Exercise goal: Omit any picture, and return the remaining data exactly as written.
^^^^^^^^
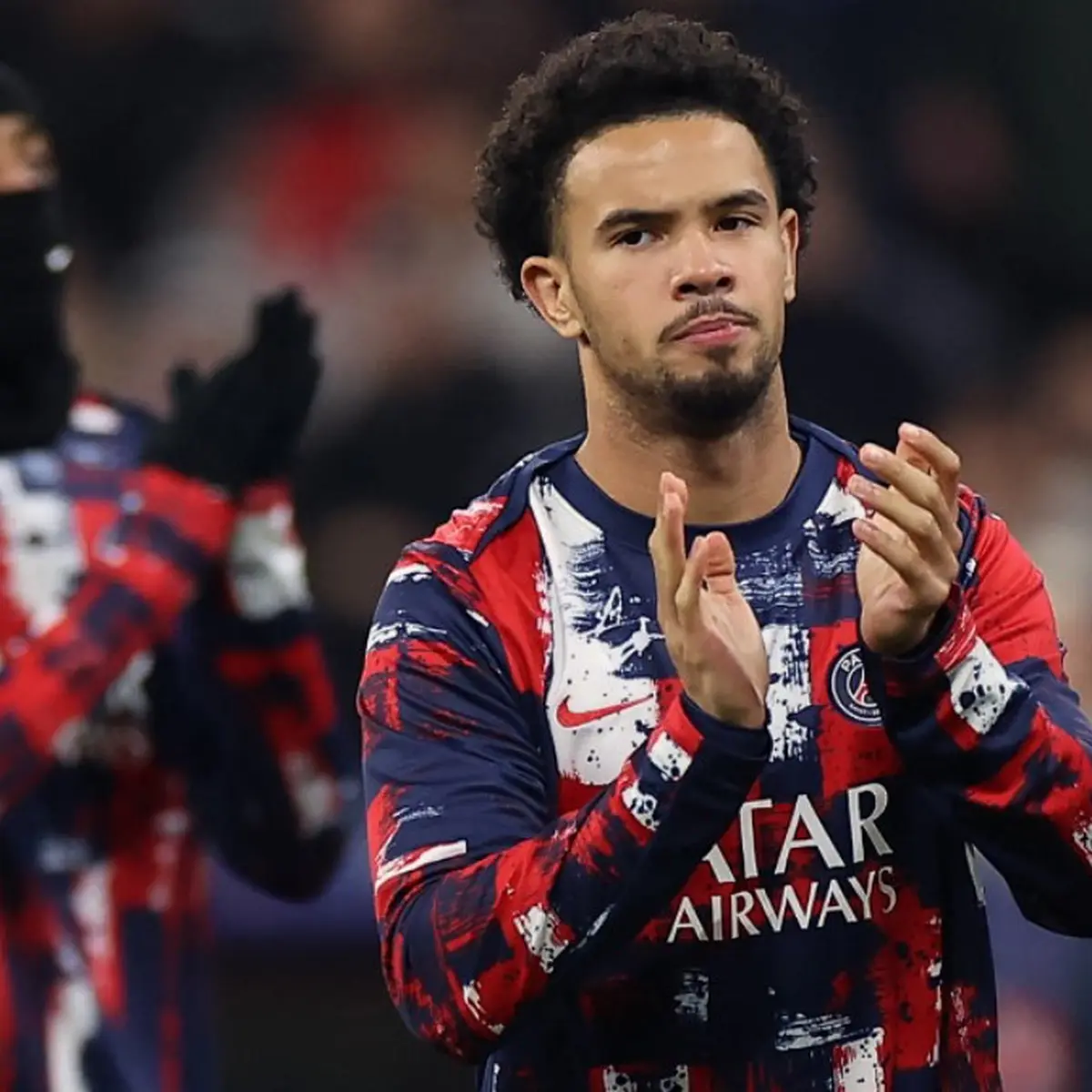 Paris Saint -Germain Pertahankan Zaire-Emery Mati-Matian dari Godaan MU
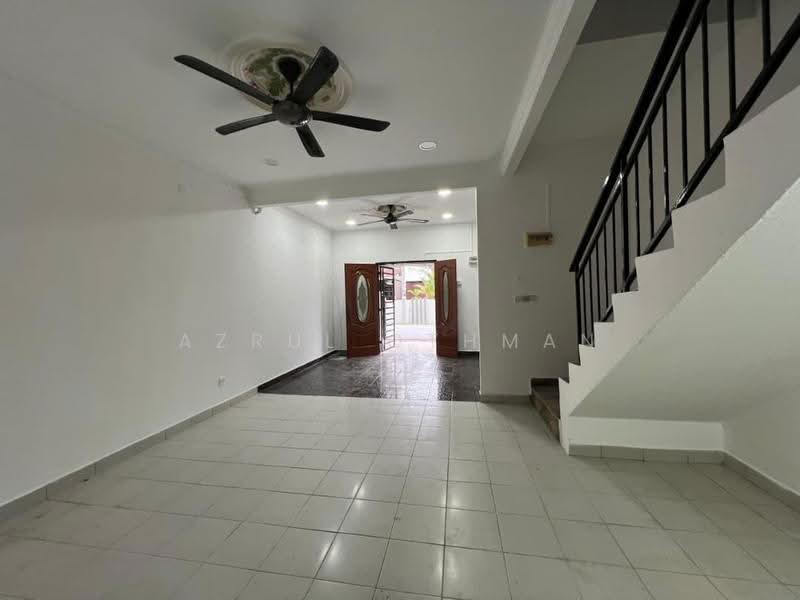 Rumah Teres 2-Tingkat untuk Dijual di Port Dickson (Negeri Sembilan) - Azrul Othman - Living Room - PropertyGuru.com.my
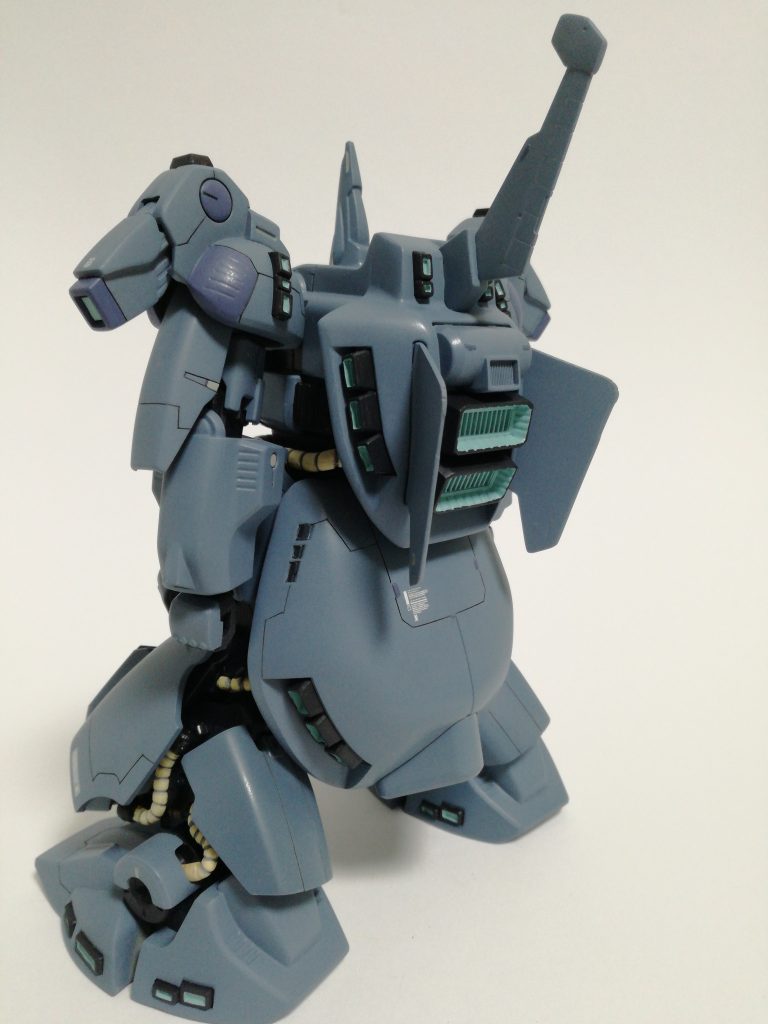 デカールもあまりうるさくならないよう控えめにしました。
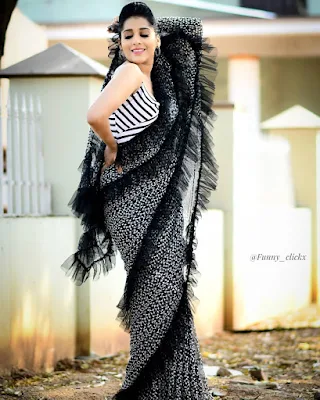 Actress Rashmi Gautam Glamorous Pics In Saree 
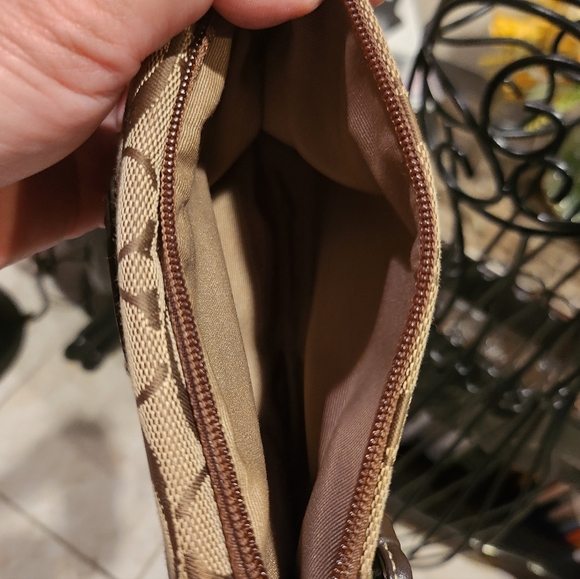 Coach Signature Legacy Flap Wristlet - Picture 5 of 6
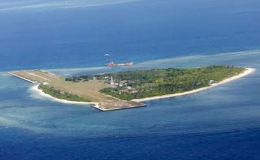 Hải quân Trung Quốc dọa máy bay Philippines ở biển Đông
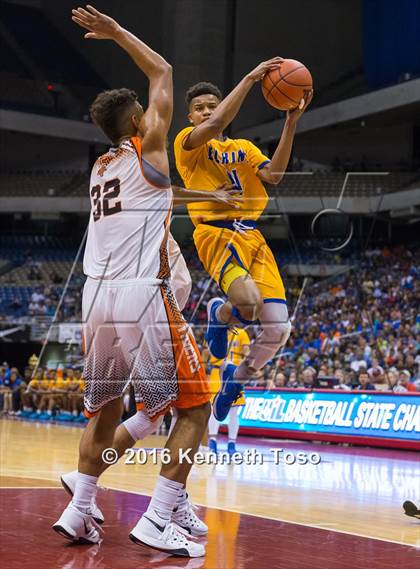 Thumbnail 1 in Lancaster vs. Fort Bend Elkins (UIL 5A Final) photogallery.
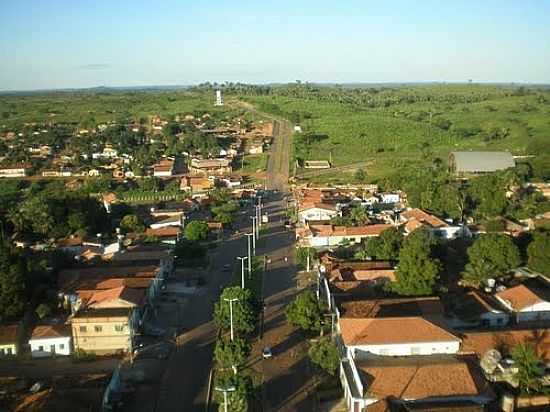 RUA PRINCIPAL DE BREJO GRANDE DO ARAGUAIA-FOTO:GLAUCIA LINO - BREJO GRANDE DO ARAGUAIA - PA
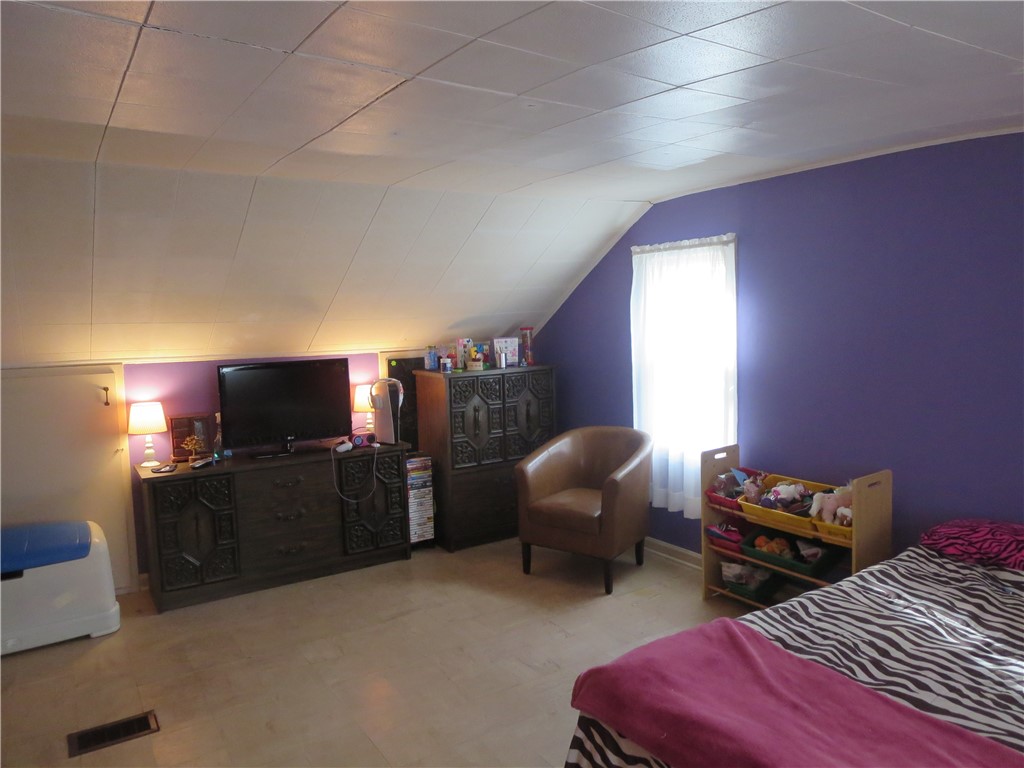 114 Holcroft Road Rochester, NY 14612 - Photo 35 of 42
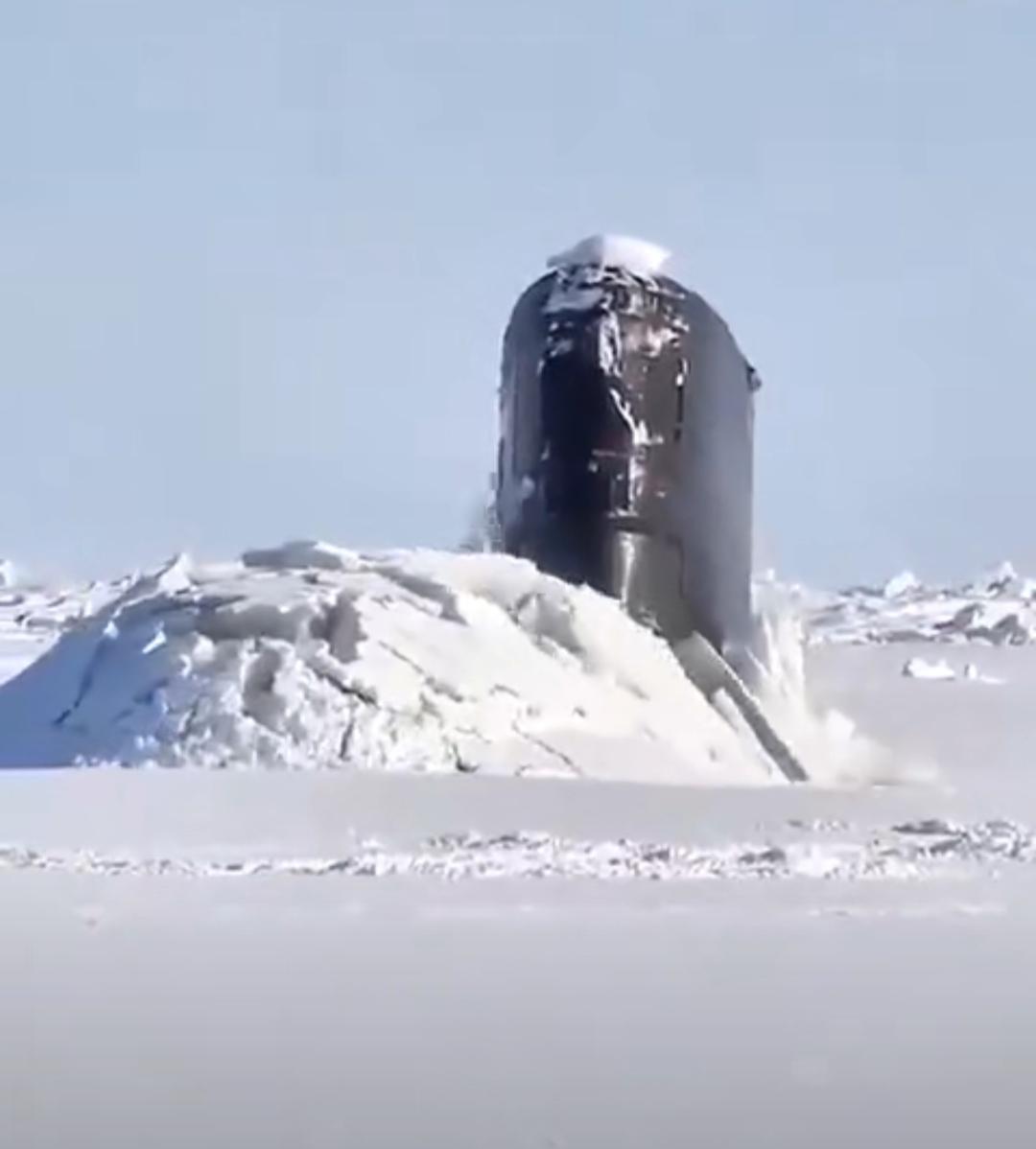 美军一艘潜艇，突然拱破北极厚厚的冰层冒出来，场面相当震撼。它无声地问PJ，怕不怕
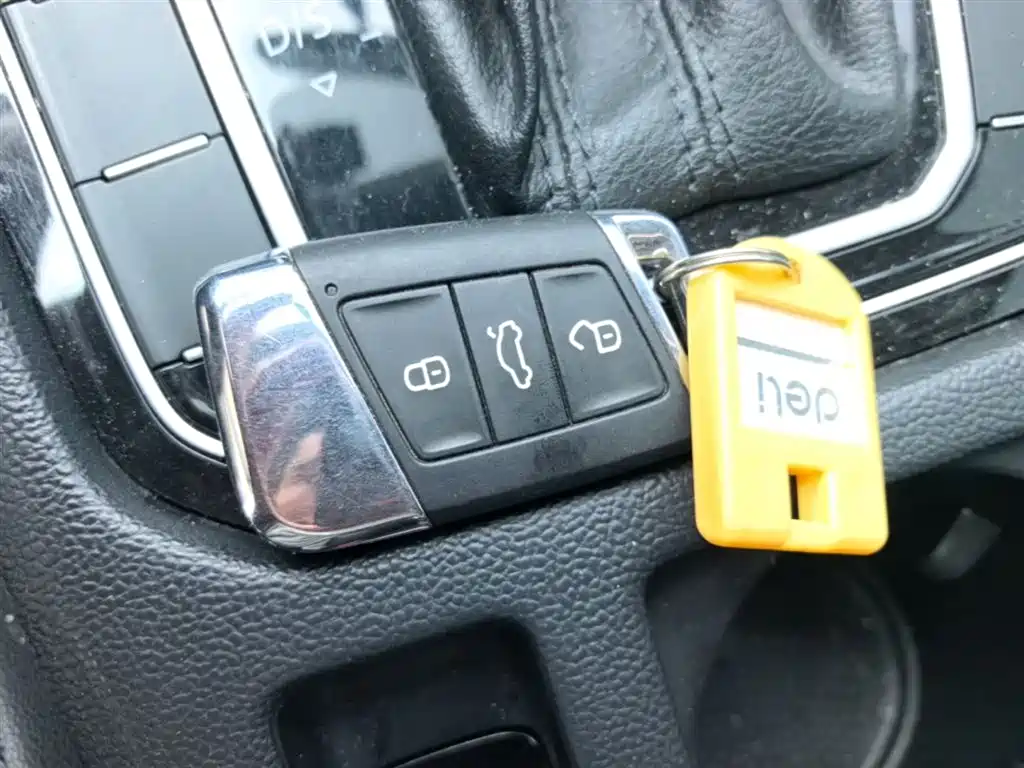 Volkswagen Magotan 2018 330TSI DSG Leading фото 9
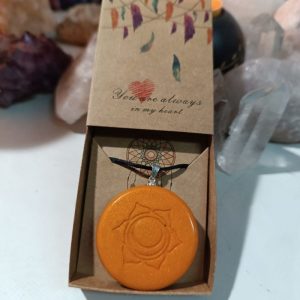 Orgonita / Electronite Colgante o llavero Sacro formato Semicírculo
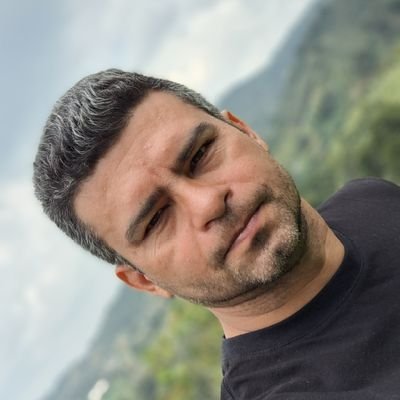Comunicador Social - Periodista, Publicista. Amante de Cine, música, leer y escribir, oo/M De la mano de Dios. Invest. y Docente TIC's. Fútbol #SML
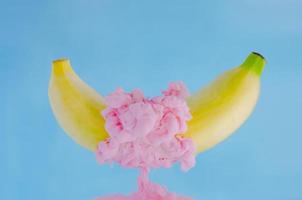 uma fruta de banana com foco parcial de dissolver a cor do pôster rosa foto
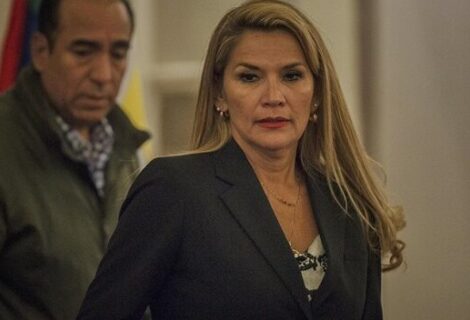 Tribunal de Bolivia se niega a enjuiciar a Jeanine Añez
^^^^^^^^
Answer section:
 Paris Saint -Germain Pertahankan Zaire-Emery Mati-Matian dari Godaan MU
 Rumah Teres 2-Tingkat untuk Dijual di Port Dickson (Negeri Sembilan) - Azrul Othman - Living Room - PropertyGuru.com.my
 デカールもあまりうるさくならないよう控えめにしました。
 Actress Rashmi Gautam Glamorous Pics In Saree 
 Coach Signature Legacy Flap Wristlet - Picture 5 of 6
 Hải quân Trung Quốc dọa máy bay Philippines ở biển Đông
 Thumbnail 1 in Lancaster vs. Fort Bend Elkins (UIL 5A Final) photogallery.
 RUA PRINCIPAL DE BREJO GRANDE DO ARAGUAIA-FOTO:GLAUCIA LINO - BREJO GRANDE DO ARAGUAIA - PA
 114 Holcroft Road Rochester, NY 14612 - Photo 35 of 42
 美军一艘潜艇，突然拱破北极厚厚的冰层冒出来，场面相当震撼。它无声地问PJ，怕不怕
 Volkswagen Magotan 2018 330TSI DSG Leading фото 9
 Orgonita / Electronite Colgante o llavero Sacro formato Semicírculo
Comunicador Social - Periodista, Publicista. Amante de Cine, música, leer y escribir, oo/M De la mano de Dios. Invest. y Docente TIC's. Fútbol #SML
 uma fruta de banana com foco parcial de dissolver a cor do pôster rosa foto
 Tribunal de Bolivia se niega a enjuiciar a Jeanine Añez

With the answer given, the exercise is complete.